Alibi Positionings + xpos?

lucidrains / flash-genomics-model

My own attempt at a long context genomics model, leveraging recent advances in long context attention modeling (Flash Attention + other hierarchical methods)

MIT License

52 stars 5 forks source link

Alibi Positionings + xpos? #5

Closed kyegomez closed 1 year ago

kyegomez commented 1 year ago

Could we also integrate alibi + xpos to increase context length even further? What about integrating one write head as well?

lucidrains commented 1 year ago

i will probably not use alibi and xpos as they enforce an exponential decay, and they are both designed for causal and not bidirectional attention

similarly, one write head is only useful in the autoregressive case, for decreasing the amount of key / values needed to be cached on inference

kyegomez commented 1 year ago

What are other methods that can be used to increase context length?
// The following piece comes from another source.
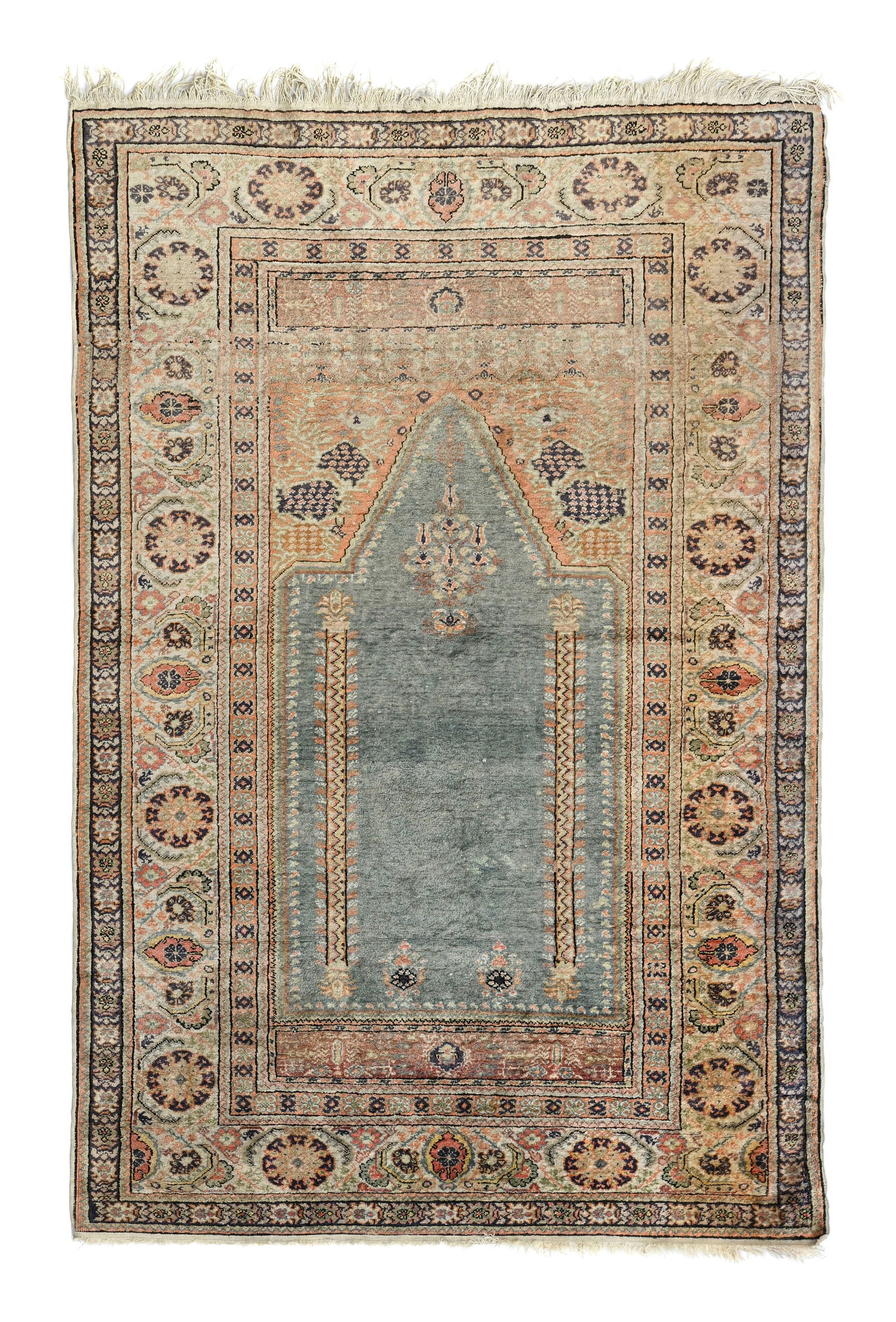 Tapis de prière Kayseri en soie, Turquie, milieu du XXe s., à mihrab uni bleu, bordure bei (1 of 1)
Have you seen the new blockwise parallel attention? Do you believe it could work? I've been trying to implement it here https://github.com/kyegomez/Blockwise-Parallel-Transformer

lucidrains commented 1 year ago

@kyegomez yea, that paper would help with memory for sure

but by simply chunking (as in reformer) and recomputing each chunk in the feedforward, you can get the same effect, which amounts to about 10 loc

i also think this paper should have some more follow up exploration. if anyone can find a way to make it scale as well as transformers, you can just use flash attention throughout.
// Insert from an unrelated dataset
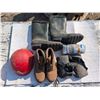 Image 1 : Lot of Work Ware (Knee Pads, Pairs of boots, Helmet, etc.)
lucidrains commented 1 year ago

ok, i'm closing this, as it isn't really an issue

feel free to add to the discussions though

kyegomez commented 1 year ago

@kyegomez yea, that paper would help with memory for sure

but by simply chunking (as in reformer) and recomputing each chunk in the feedforward, you can get the same effect, which amounts to about 10 loc

i also think this paper should have some more follow up exploration. if anyone can find a way to make it scale as well as transformers, you can just use flash attention throughout.

Do you think that using an attention similar to blockwise with mega byte like encoding/handling/processing would accelerate the context length even further?